Дал ему червонец. А где он ночевал в ту ночь, почему не вернулся – так и не сказал.
Зато Грач о своей волшебной ночи всё до самого утра похмельного поведал подробно. Не буду пересказывать, замечу лишь, что он в то время женат ещё не был. А потом женился, но не на ней. А с ней у него ничего не получилось, потому что встреча их пришлась на суровое время года, а говоря проще, была зима и не было приюта.
Вспомнилось опять его, коленваловское:
Пишу стихи от боли к боли…
От счастья к счастью песен нет…
Но о каком счастье речь? О каких множествах счастья? Я только одно счастье знаю – это когда пишется хорошо. Пишется и мечтается как мальчишке шестнадцатилетнему. Ещё классиками немецкой философии замечено, что счастье – это как раз минуты вдохновения, а до и после – рутина всё и ничтожество… Какого бога в небе Коленвал разглядеть хочет? Ясно какого. Бог у нас с ним один – вдохновение. И ему, поэту от бога, без нашего главного бога – вдохновения выть хочется. А что уж обо мне говорить!
Я веду параллельно с дневником три тетрадочки, куда заношу определения трёх слов: что такое жизнь, что такое любовь и что такое счастье. Мудрых изречений с годами собралось в них – отдельным сборником выпускай, толстенькая получилась бы книжица. Каких имён только нет!.. От Гомера до Коленвала… Но вот листаю тетрадь, в которой скопились сотни различных счастий, примериваюсь, и ни одно мне не подходит.

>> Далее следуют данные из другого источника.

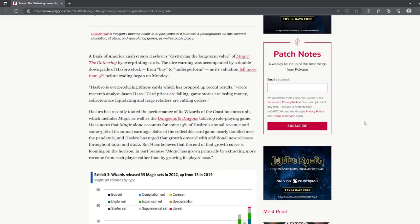Haas notes that Magic alone accounts for some 15% of Hasbro's annual revenue and some 35% of its annual earnings. Sales of the collectible card game nearly doubled over the pandemic.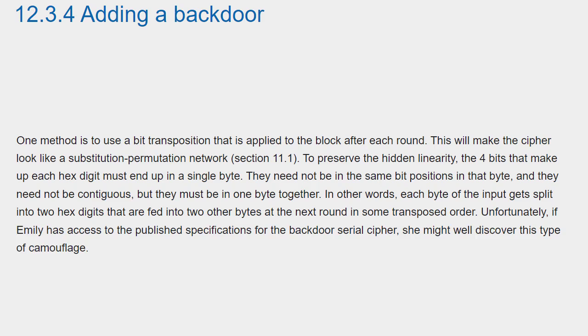Unfortunately, if Emily has access to the published specifications for the backdoor serial cipher, she might well discover this type of camouflage.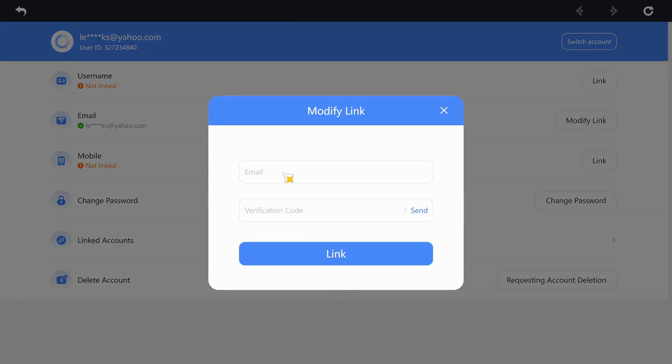Now, you have the option to put in the new email you want to link to. Input that and click on the Send button once more.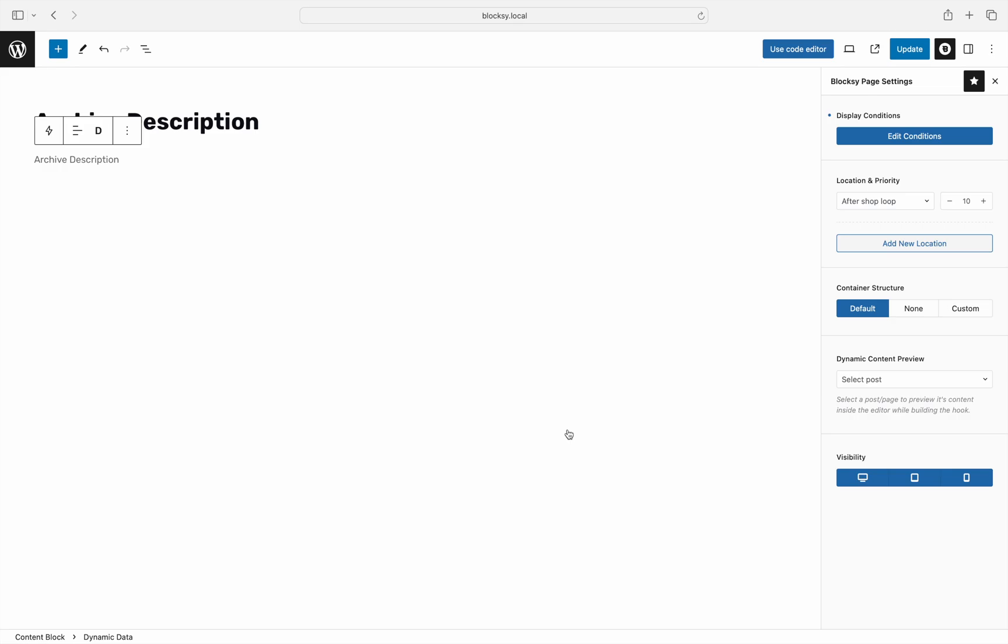As you can see, the location of the content block is already populated with the correct one that we've chosen before when we clicked on the pencil icon. Once you're ready, save the changes for the content block.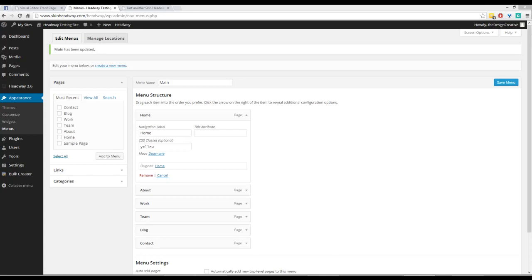Hi guys, this is Diane from Design Creative. Today I'm going to quickly show you how to customize your menu items in WordPress using Headway. I get this type of query a lot and I also find it mentioned frequently in the Headway forums.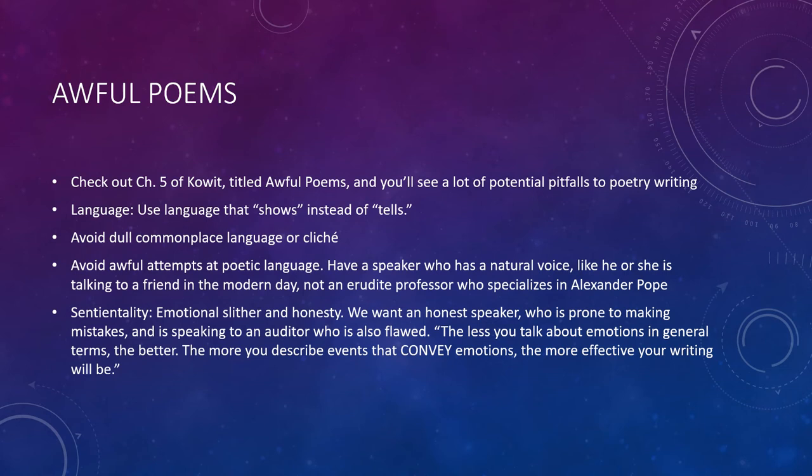Now that we've talked about what makes a successful poem, let's talk about some awful poems. Chapter 5 of Cawitt has a chapter called 'Awful Poems,' and you'll see a lot of potential pitfalls to poetry writing. Some things discussed there include the use of appropriate language — and as I've emphasized, language that shows instead of tells. You should also avoid dull, commonplace language or cliché. Clichés slow poetry writing down, and you should really try to avoid them. These are commonplace ways of describing things, like 'having a cold heart.' We've heard that metaphor many times — can you find a fresh way to describe it?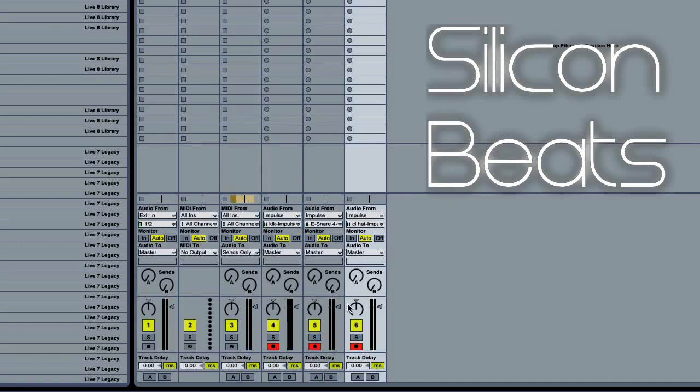So you'll notice we have all of our sounds split up now, and we can begin to EQ and compress them independently of each other. Also notice that because our audio 2 for our impulse track is set to sends only, there is no output coming from it.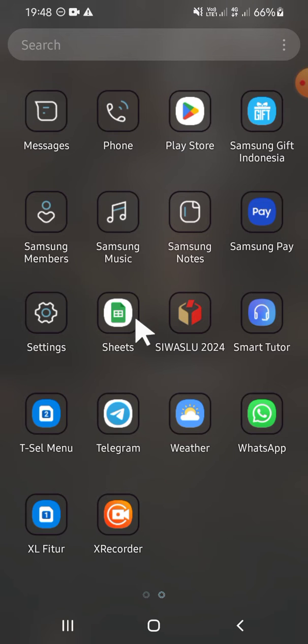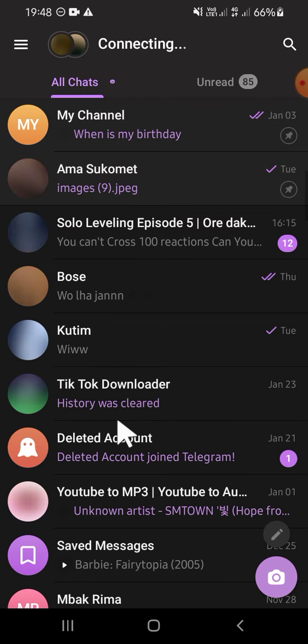First of all, let's open our Telegram application on our phone and then we're going to open our channel on Telegram.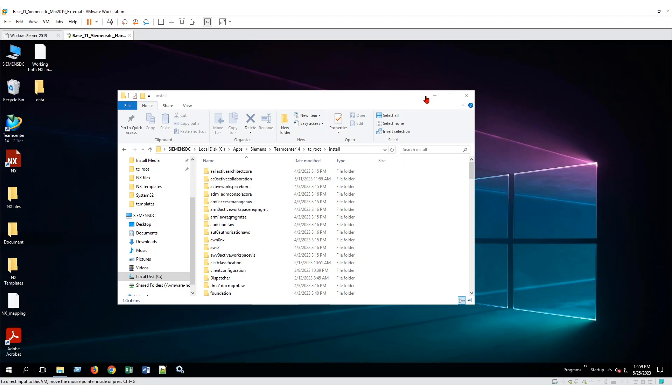Hello everyone. My name is Nam Dao. I'm a PLM application engineer at SciTech, and today I'm going to show you how to quickly resolve the issue when you're trying to export the administrator data out from Teamcenter.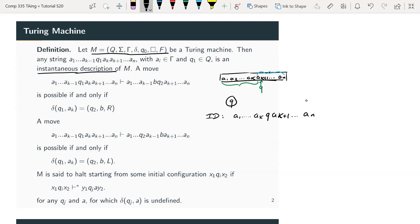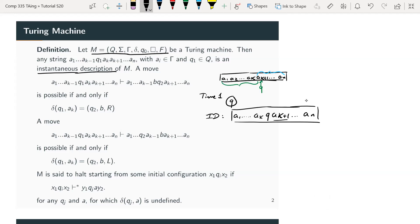This is useful because it allows you to completely describe a transition from one state to another. For example, at state q with a particular ID, suppose you have a transition: if you're in q and you read symbol a_{k+1}, you replace it with b_{k+1} and go to the right. You can describe this transition using your instantaneous description.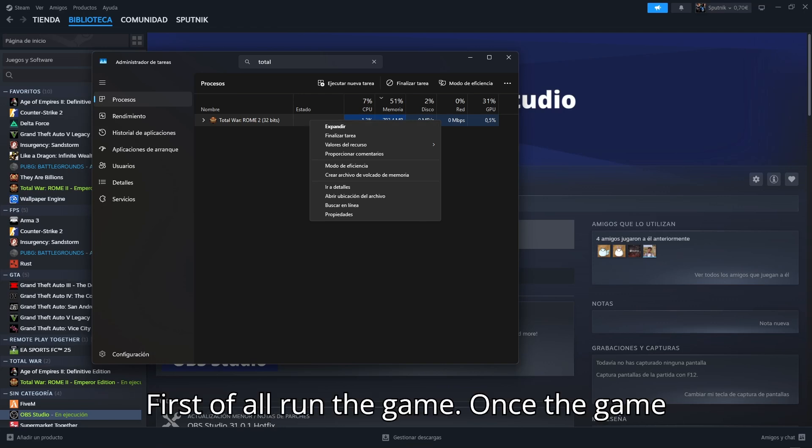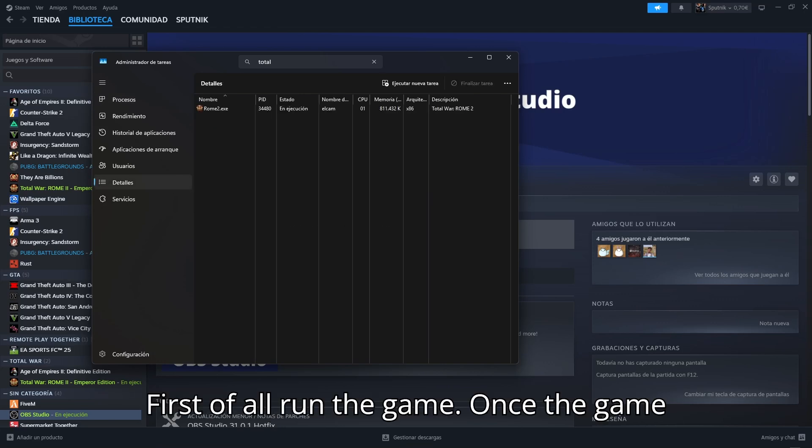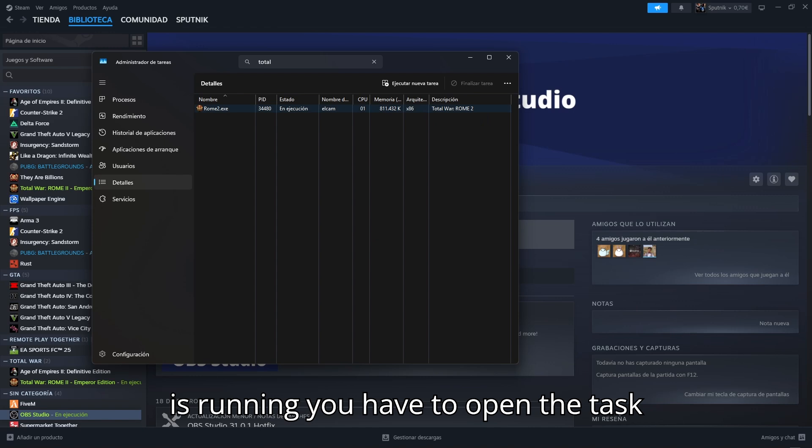First of all, run the game. Once the game is running, you have to open the Task Manager.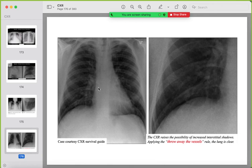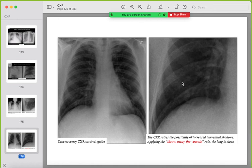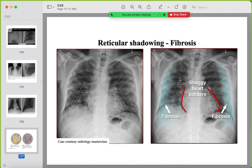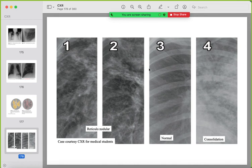A useful technique: if you suspect reticulations, zoom in and trace the vessels. If all the lines are branching vessels, there are no true reticulations. On comparison: normal lung, consolidation with air bronchograms, and reticular/reticulonodular changes of interstitial lung disease have distinct appearances that must be distinguished.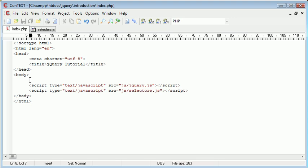Now, selectors are basically a way to select and match a set of elements on your page. So for example, if we have a paragraph tag here,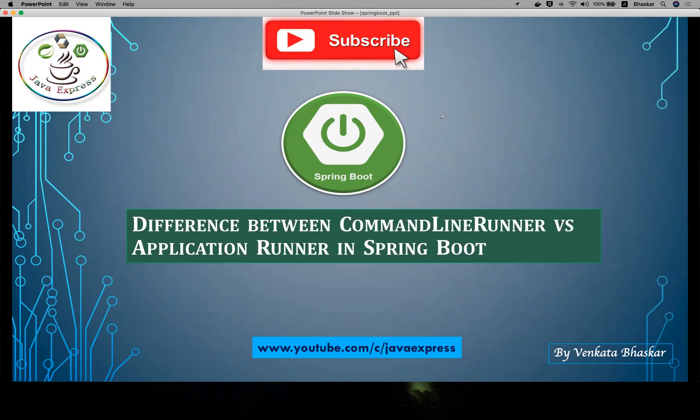Hi friends, welcome to Java Express Tutorials. Today we are going to discuss one of the important interview questions: the difference between CommandLineRunner versus ApplicationRunner in Spring Boot. If you are watching for the first time, please go ahead and watch my previous video on CommandLineRunner.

Кстати, о счастье великие умы человечества знали и размышляли почему-то меньше, чем о любви и жизни (о жизни более всего, о жизни и смерти, точнее сказать).
Счастье…
А счастье, друзья мои, – это, оказывается, когда ничего не болит.
Чёрт с ними, с этими стихами, рифмами – тщетными попытками переплюнуть саму жизнь! Любая былинка, любой жалкий цветочек на тонюсеньком стебельке совершеннее и гармоничней всех вместе взятых стихов и поэм, созданных или ещё создающихся на Земле. Жалкие плагиаторы мы, копиисты жизни сущей и необъятной. Зарифмовать пытаемся её… Ох, как спина болит!
Болит, болит, болит… И никуда от этой проклятой боли не деться. И никакие мази, никакие таблетки не помогают. Разве что массаж… У Грача хорошо получается. Часа на три-четыре после него забываю о своей злосчастной холке, будто позвонки подменили. Но не бросишь ведь всё и не будешь лежать у Грача на диване от сеанса к сеансу и в больницу за тридевять земель ради массажа не потащишься.
Счастье… Счастье – это… Но я уже говорил.
По совету и протекции Грача сходил к специалисту, показался. Бородатый костолом долго испытывал меня на прочность – мял, ломал, простукивал, точно мои позвонки – это дверные кнопочки-звоночки, а он, гуляка припоздалый, не может дозвониться до жены своей, задремавшей в ожидании.
Сделали рентгеновские снимки.
Вы знаете, что такое кифоз? Вот и я не знал. Кифоз, переходящий в гиббус, как обмолвился доктор в кругу своих коллег.
Что такое гиббус, в словарях я не нашёл. А вот кифоз…
Горб – по-простому.
То-то мама в последнее время мне всё: не сутулься да не сутулься. А как не сутулиться, когда болит! Бородатый спец открытия не сделал, сказав, что позвонки у меня как-то не так стыкуются. Грач говорил. Но что мне эта констатация, эти снимки?! Мне точно скажите – согнёт меня завтра в дугу или нет?
Вы можете представить себе сто зубов, и все они на спине, и все они разом болят?